MUCHOS científicos tuvieron la generosidad de guiarme, informarme e instruirme. La contribución de algunos será evidente para el lector; pero muchos otros, no citados en el texto o mencionados sólo de paso, me ayudaron igualmente, poniendo a mi disposición su tiempo y su inteligencia. Abrieron sus archivos, registraron su memoria, debatieron entre sí y apuntaron formas de pensar en una ciencia que me eran indispensables. Varios leyeron el manuscrito original. Mi investigación sobre el tema de este libro necesitó de su paciencia y su honradez.

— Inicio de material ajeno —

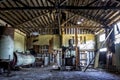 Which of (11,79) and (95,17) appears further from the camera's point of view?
(95,17)

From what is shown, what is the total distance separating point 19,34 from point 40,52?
3.65m

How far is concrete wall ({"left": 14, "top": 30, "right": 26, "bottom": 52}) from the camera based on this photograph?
1686cm

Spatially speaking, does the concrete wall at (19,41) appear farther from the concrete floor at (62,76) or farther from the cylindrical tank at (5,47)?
the cylindrical tank at (5,47)

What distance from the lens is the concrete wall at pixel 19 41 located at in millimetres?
16859

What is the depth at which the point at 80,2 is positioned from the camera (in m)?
13.0

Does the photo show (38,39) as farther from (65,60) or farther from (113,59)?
(113,59)

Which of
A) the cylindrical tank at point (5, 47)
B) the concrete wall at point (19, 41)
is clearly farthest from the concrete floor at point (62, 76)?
the concrete wall at point (19, 41)

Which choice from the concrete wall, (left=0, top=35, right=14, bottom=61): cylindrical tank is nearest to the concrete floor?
(left=0, top=35, right=14, bottom=61): cylindrical tank

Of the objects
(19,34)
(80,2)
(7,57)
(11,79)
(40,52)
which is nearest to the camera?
(11,79)

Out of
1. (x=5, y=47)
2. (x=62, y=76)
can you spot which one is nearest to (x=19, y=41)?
(x=5, y=47)

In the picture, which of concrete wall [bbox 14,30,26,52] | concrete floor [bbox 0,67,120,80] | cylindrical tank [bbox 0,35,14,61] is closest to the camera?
concrete floor [bbox 0,67,120,80]

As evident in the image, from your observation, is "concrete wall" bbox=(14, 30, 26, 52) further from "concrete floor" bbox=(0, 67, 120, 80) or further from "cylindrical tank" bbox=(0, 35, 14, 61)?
"cylindrical tank" bbox=(0, 35, 14, 61)

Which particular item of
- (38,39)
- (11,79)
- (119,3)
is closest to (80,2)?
(119,3)

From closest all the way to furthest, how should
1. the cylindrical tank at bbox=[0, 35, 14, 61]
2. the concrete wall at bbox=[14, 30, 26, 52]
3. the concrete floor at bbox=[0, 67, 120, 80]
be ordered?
the concrete floor at bbox=[0, 67, 120, 80]
the cylindrical tank at bbox=[0, 35, 14, 61]
the concrete wall at bbox=[14, 30, 26, 52] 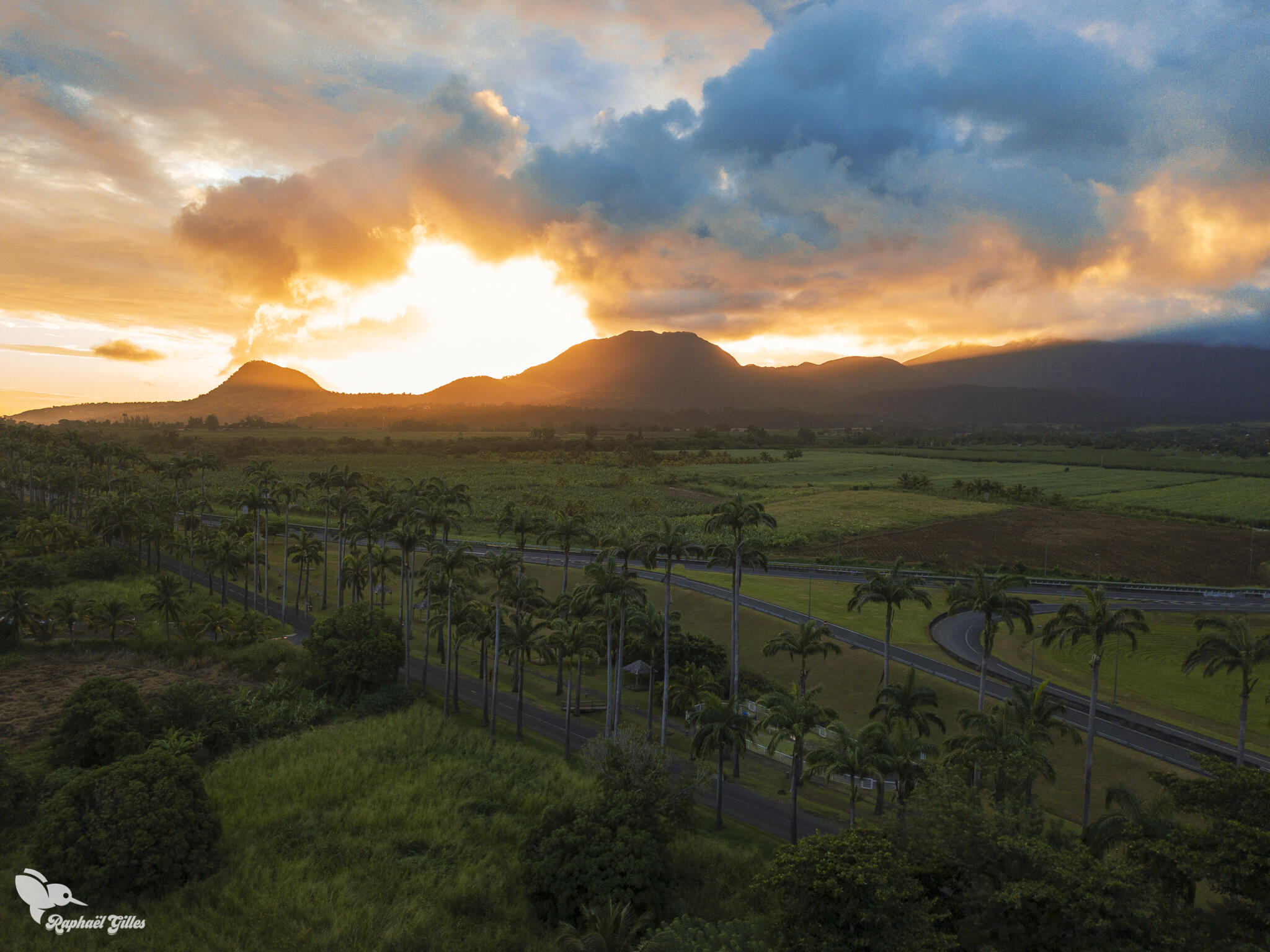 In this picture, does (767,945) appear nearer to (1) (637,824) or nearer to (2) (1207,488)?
(1) (637,824)

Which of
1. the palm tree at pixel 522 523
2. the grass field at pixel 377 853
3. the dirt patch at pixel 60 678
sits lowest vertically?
the grass field at pixel 377 853

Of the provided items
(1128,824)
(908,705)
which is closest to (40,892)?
(908,705)

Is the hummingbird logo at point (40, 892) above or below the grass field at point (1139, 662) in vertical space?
below

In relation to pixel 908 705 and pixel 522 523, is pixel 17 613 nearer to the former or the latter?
Answer: pixel 522 523

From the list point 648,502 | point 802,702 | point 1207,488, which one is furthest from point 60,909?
point 1207,488

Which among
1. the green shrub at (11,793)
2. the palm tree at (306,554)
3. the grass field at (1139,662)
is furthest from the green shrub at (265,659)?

Deseo expresar mi reconocimiento a mi editor, Daniel Frank, cuya imaginación, sensibilidad e integridad aportaron a estas páginas más de lo que puedo expresar. Dependí de Michael Carlisle, mi agente literario, quien me concedió su apoyo, tan certero como entusiástico. En el New York Times, Peter Millones y Don Erikson me auxiliaron de manera decisiva. Entre las personas que colaboraron con ilustraciones figuran Heinz-Otto Peitgen, Peter Richter, James Yorke, Leo Kadanoff, Philip Marcus, Benoît Mandelbrot, Jerry Gollub, Harry Swinney, Arthur Winfree, Bruce Stewart, la familia Fereydoon, Irving Epstein, Martin Glicksman, Scott Burns, James Crutchfield, John Milnor, Richard Voss, Nancy Sterngold y Adolph Brotman. También estoy agradecido a mis padres, Beth y Donen Gleick, que no sólo me educaron correctamente, sino también corrigieron el libro.
Goethe escribió: «Tenemos el derecho de esperar de quien se propone ofrecernos la historia de una ciencia que nos informe de cómo se conocieron gradualmente los fenómenos de que trata, y de lo que se imaginó, conjeturó, se supuso o pensó sobre ellos». Es «asunto aventurado —continuó— pues, en tal empresa, el escritor anuncia de modo tácito al principio que se propone iluminar unas cosas y dejar otras en la sombra. Sin embargo, el autor ha disfrutado durante el cumplimiento de su quehacer…».